SUMMARY
Background Atopic dermatitis (AD or eczema) is a most common chronic skin disease. Designing personalised treatment strategies for AD based on patient stratification, rather than the “one-size-fits-all” treatments, is of high clinical relevance. It has been hypothesised that the measurement of biomarkers could help predict therapeutic response for individual patients.
Objective We aim to assess whether biomarkers can predict the outcome of systemic therapy.
Methods We developed a statistical machine learning predictive model using the data of an already published longitudinal study of 42 patients who received systemic therapy. The data contained 26 serum cytokines measured before the therapy. The model described the dynamics of the latent disease severity and measurement errors to predict AD severity scores (EASI, (o)SCORAD and POEM) two-weeks ahead. We conducted feature selection to identify the most important biomarkers for predicting the AD severity scores.
Results We validated our model and confirmed that it outperformed standard time-series forecasting models. Adding biomarkers did not improve predictive performance. Our estimates of the minimum detectable change for the AD severity scores were larger than already published estimates of the minimal clinically important difference.
Conclusions Biomarkers had a negligible and non-significant effect for predicting the future AD severity scores and the outcome of the systemic therapy. Instead, a historical record of severity scores provides rich and insightful dynamical information required for prediction of therapeutic responses.
INTRODUCTION
Atopic dermatitis (AD, also called eczema) is one of the complex diseases with a considerable variation in the clinical phenotype and responses to treatments among patients [1]. Current treatments aim to manage chronic AD symptoms by preventing exacerbations, mainly using emollients, topical corticosteroids, calcineurin inhibitors, systemic therapies and biologics. Given the heterogeneity in responses to different treatments and AD phenotypes, it is of high clinical relevance to stratify patients and to design personalised treatment strategies for AD rather than using “one-size-fits-all” treatments [2] [3].
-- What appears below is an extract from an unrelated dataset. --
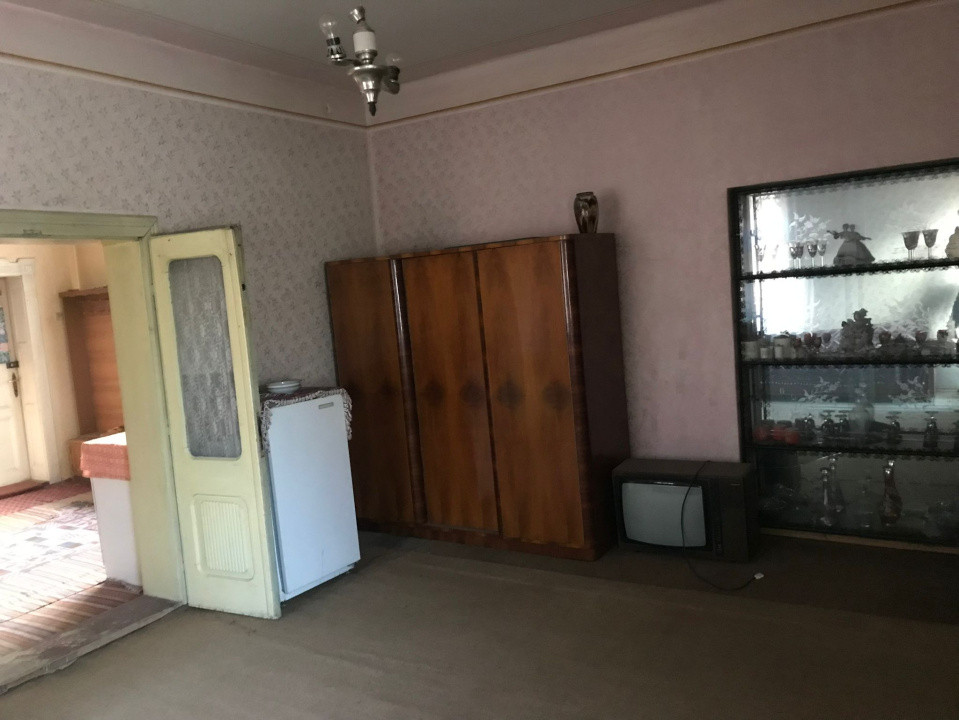 Casa 3 camere suprafata utila 90mp,spre vanzare in Gura Raului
The identification of biomarkers of AD has been considered to be a critical step toward precision medicine [3]. Thymus and activation-regulated chemokine (TARC) was suggested to be the single best biomarker to assess disease severity [4], panels of biomarkers were proposed as “objective” substitutes for the EASI [5] and SCORAD [6] severity scores, and a discovery of AD endotypes was attempted by clustering of biomarker measurements [7]. Furthermore, the presence of FLG mutations [9] [10] and a high level of serum IgE [11] were found to be associated with poor treatment outcome for AD. However, biomarkers to predict therapeutic responses has been less studied for AD [8]. Generating predictions of future AD severity, beyond quantifying associations, is crucial to make patient stratification clinically relevant for personalised medicine. Ideally, the effects of multiple biomarkers should be investigated in a multivariable regression and predict therapeutic responses at more than one timepoint.
We recently developed a statistical machine learning model to predict daily AD severity scores at an individual patient level [12]. While our model investigated the effects of age, ethnicity and treatment usage on predictive performance, we could not investigate the predictive power of biomarkers (other than the presence of filaggrin mutation) due to the unavailability of such data. To examine whether biomarkers can predict future AD severity scores, in this study, we developed a Bayesian state-space model to predict the evolution of AD severity scores using the longitudinal data of AD patients under a systemic therapy collected in an already published study [13] [14]. We applied feature selection to identify potential biomarkers for patient stratification.
METHODS
Data
We used the data from an already published longitudinal clinical study [13] [14] where 42 adult AD patients received systemic therapy with either azathioprine (AZA) or methotrexate (MTX) for over 24 weeks. The concentrations of 26 serum biomarkers were measured for each of 42 patients before the start of the treatment (week 0). The values were log-transformed and standardised to have a mean 0 and a variance 1. Three out of 1092 (= 26 ⨯ 42) measurements of the biomarkers were missing and imputed by the population mean value of the corresponding biomarker.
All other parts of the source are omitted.